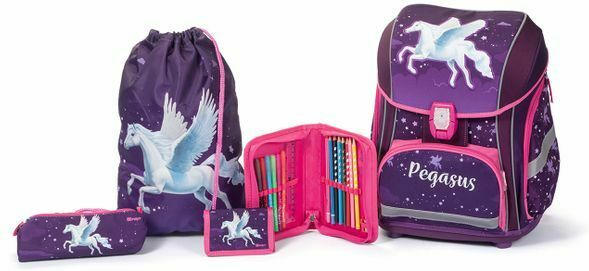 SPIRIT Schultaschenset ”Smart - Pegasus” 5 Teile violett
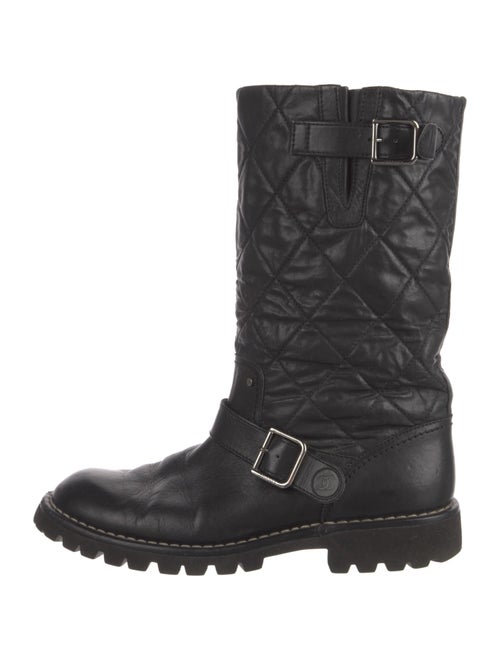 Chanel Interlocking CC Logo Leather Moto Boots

...

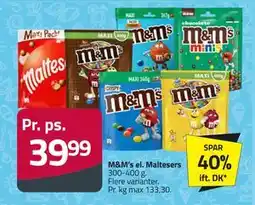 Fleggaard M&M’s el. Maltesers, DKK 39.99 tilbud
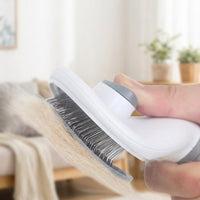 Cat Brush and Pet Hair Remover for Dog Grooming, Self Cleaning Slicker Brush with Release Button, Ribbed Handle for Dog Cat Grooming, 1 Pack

About this exercise. Skipping every picture, transcribe exactly the lines above from the one containing "Fleggaard M&M’s el." through the one containing "Cat Brush and", both included.

Expected answer.
 Fleggaard M&M’s el. Maltesers, DKK 39.99 tilbud
 Cat Brush and Pet Hair Remover for Dog Grooming, Self Cleaning Slicker Brush with Release Button, Ribbed Handle for Dog Cat Grooming, 1 Pack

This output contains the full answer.